42.4. DPDK Configuration Example

The following configuration assumes a 14-core Xeon CPU with the layout obtained from usertools/cpu_layout.py (in the DPDK source):

Core 1 [0, 14]
Core 2 [1, 15]
Core 3 [2, 16]
Core 4 [3, 17]
Core 5 [4, 18]
Core 6 [5, 19]
Core 7 [6, 20]
Core 8 [7, 21]
Core 9 [8, 22]
Core 10 [9, 23]
Core 11 [10, 24]
Core 12 [11, 25]
Core 13 [12, 26]
Core 14 [13, 27]

These core mappings guide how lcores are assigned to I/O RX, Distributor, Worker, I/O TX threads, etc. Be sure to align your actual CPU layout with the configuration.

DPDK_OPTIONS8.01_png

EAL Options

  • -l 1-27 → DPDK uses lcores 1–27 (28 lcores total, covering a 14-core CPU with Hyper-threading)

  • -n 4 → Uses 4 memory channels, matching the reference 14-core Broadwell CPU’s capability

  • –log-level=user*.info –syslog → Logs DPDK engine activity to syslog with user-level info messages

RX parameters

  • Configures the application to listen on interfaces 0 and 1 (DPDK-enabled), on two NIC queues (0 and 1)

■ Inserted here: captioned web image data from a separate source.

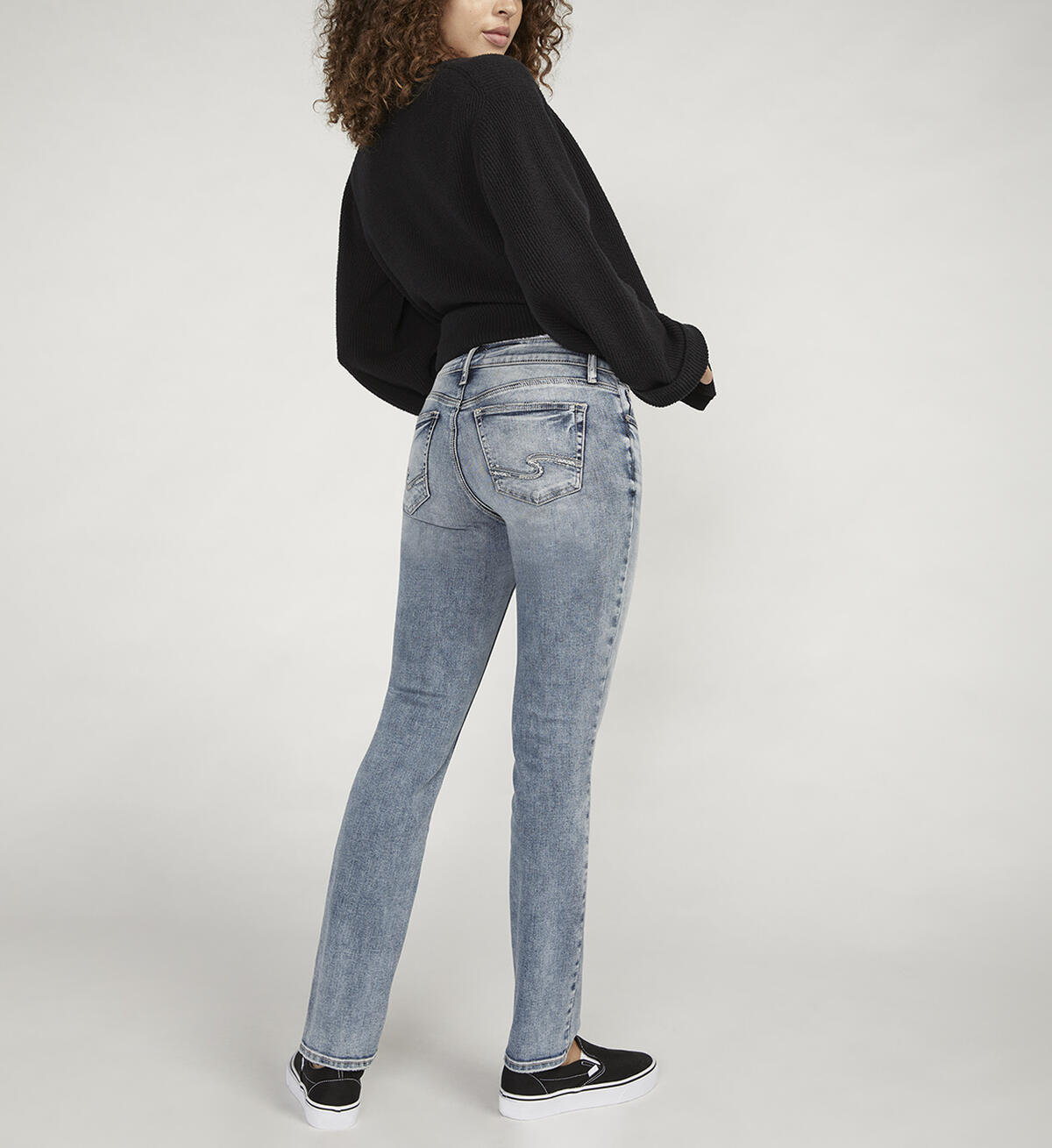 Elyse Mid Rise Straight Leg Jeans, Indigo, hi-res image number 4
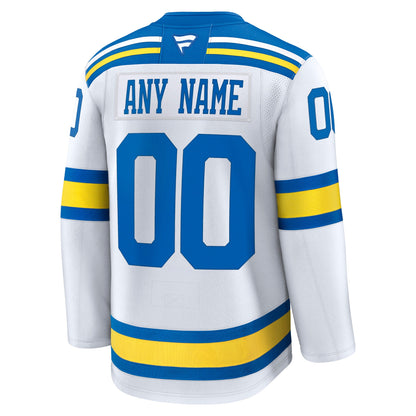 St. Louis Blues Fanatics Away Premium Custom Jersey - White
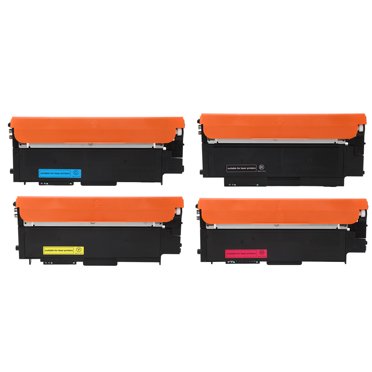 Toner Set, CLT K404S Toner 4 Pcs CLT Y404S CLT M404S Anti-Décoloration pour SL C432 C433W C433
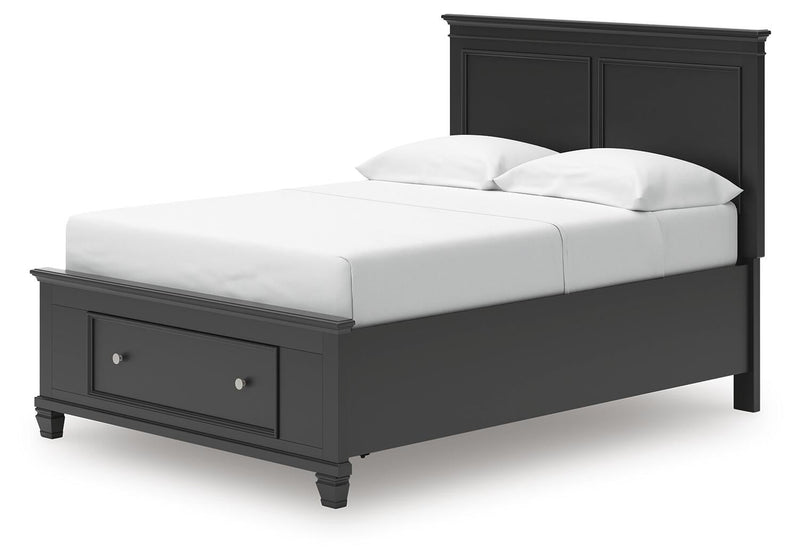 Lanolee Full Panel Storage Bed, Dresser and Mirror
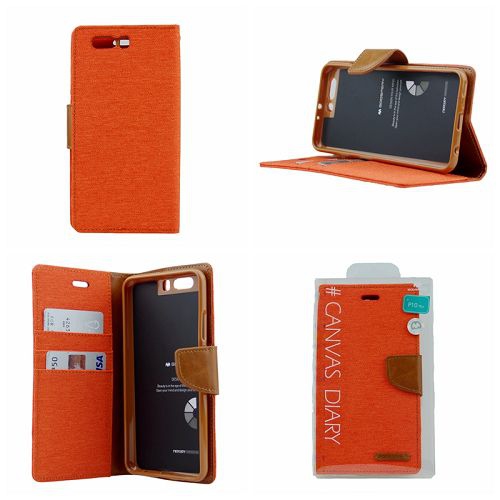 Huawei P10 Plus Goospery Canvas Diary, Orange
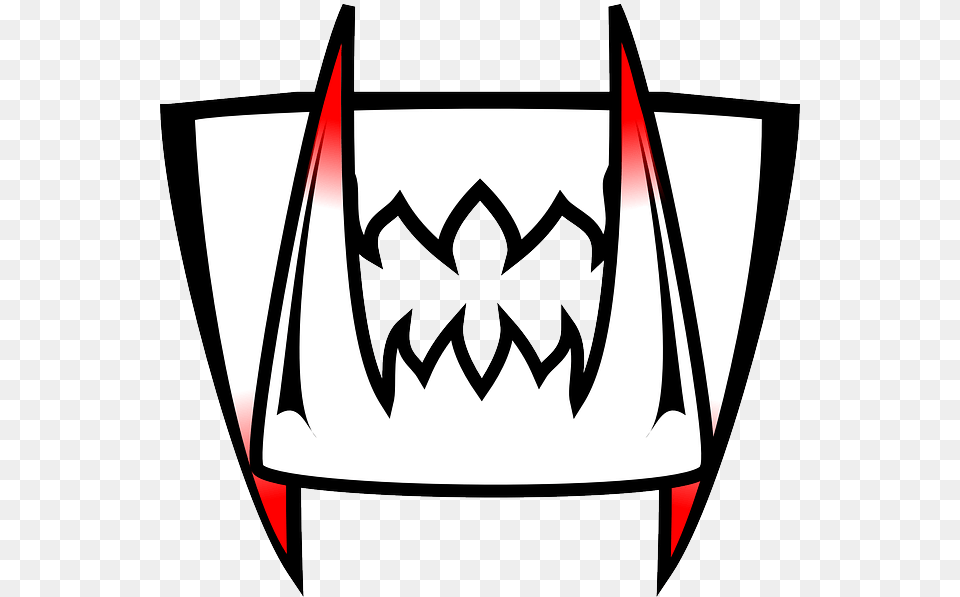 Creepy Smile Clip Art Vampire Teeth Clipart, Logo, Stencil, Emblem, Symbol Free Transparent Png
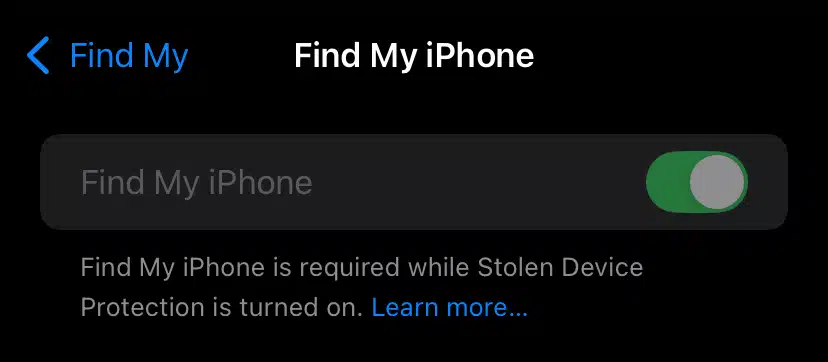 Stolen Device Protection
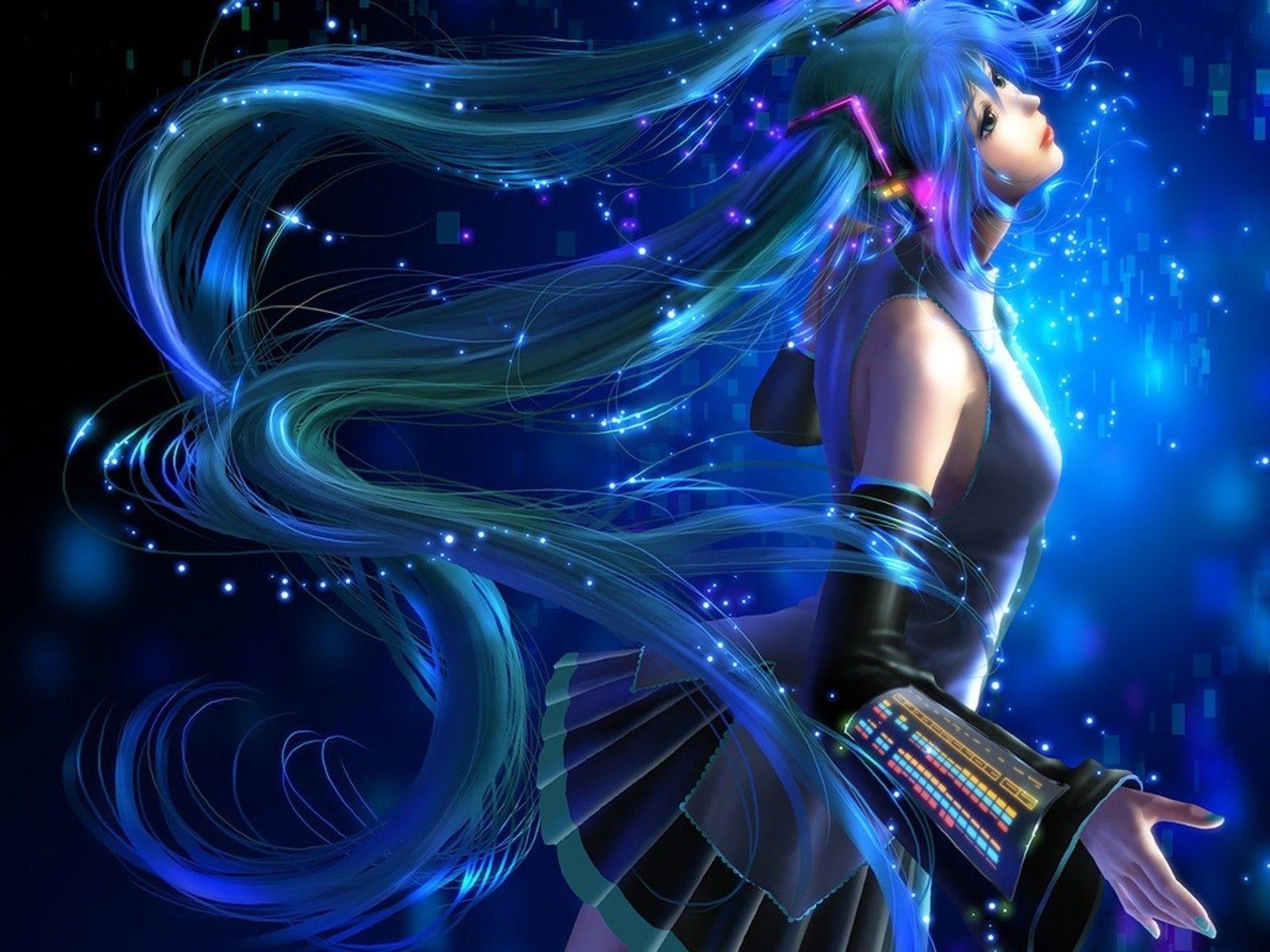1600x1200 Vocaloid hatsune miku 3D detached sleeves Wallpaper free desktop
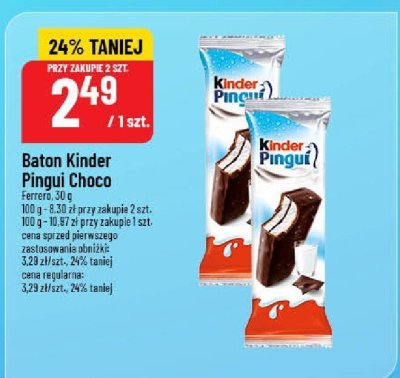 Baton Kinder Pingui Choco Ferrero promocja w POLOmarket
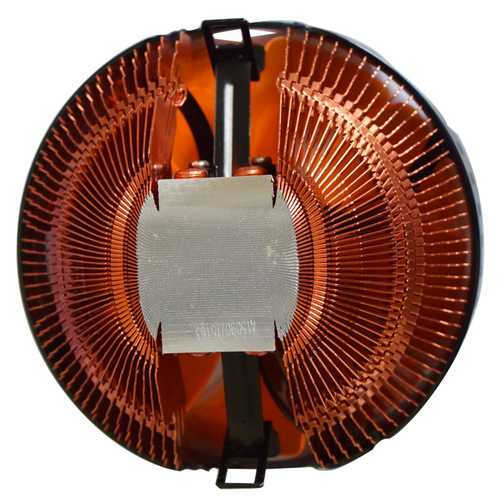 Pccooler E121M 4 Pin 12cm Orange LED CPU Cooler Cooling Fan For Intel LGA775 LGA115X AMD AM2 AM3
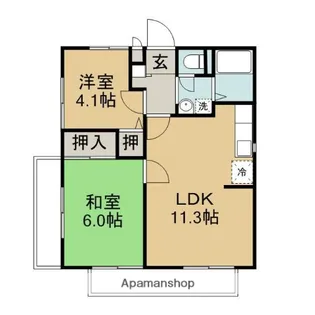 せぞんどR【201号室】の間取り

  • Uses lcores 15 and 16 (hyper-threads of CPU cores 1 and 2) for these RX tasks

Distributor Mode

  • Ensures packets are forwarded in the same order they are received

Dataplane Firewall

  • Runs on three CPU cores: 4, 5, 6 (with hyper-threads 18, 19, and 20)

Worker Cores

  • Seven CPU cores: 7 through 13 (with hyper-threads 21 through 27) handle packet analysis and attack detection

Master Lcore

  • Lcore 14 The hyper-thread of CPU core 0, which the OS uses

  • DPDK’s “master” or “manager” lcore for orchestrating tasks

TX parameters

  • Configured to use a single CPU core for TX

  • Lcore 3 transmits over port 0, while lcore 17 (hyper-thread of CPU core 3) transmits over port 1

Forwarding Table

  • In this example, the DPDK Engine acts as an L3 pseudo-router for an out-of-line topology via BGP

  • Incoming packets on port 0 go to port 1, and vice versa

Interface IPs

  • DPDK Engine responds to ARP on port 0 with IP 192.168.1.1, and on port 1 with IP 192.168.0.1

  • If a router wants to route traffic to 192.168.1.1 or 192.168.0.1, DPDK Engine replies with the MAC of the correct interface

  • Once the router learns these MACs, it can start forwarding packets to the appropriate interface

Destination MACs

  • For port 0, packets are forwarded to a gateway with MAC 00:07:52:12:25:f1

  • For port 1, packets are forwarded to a gateway with MAC 68:05:ca:23:5c:40

  • Since DPDK Engine doesn’t provide a full IP stack or ARP table, the gateway MACs must be configured manually

  • Because there’s no true IP stack, the DPDK Engine behaves more like a forwarding bridge at Layer 3, without dynamic ARP resolution

Note

The distribution of lcores can be optimized by observing the performance-related statistics from Reports » Devices » Overview » Dataplane.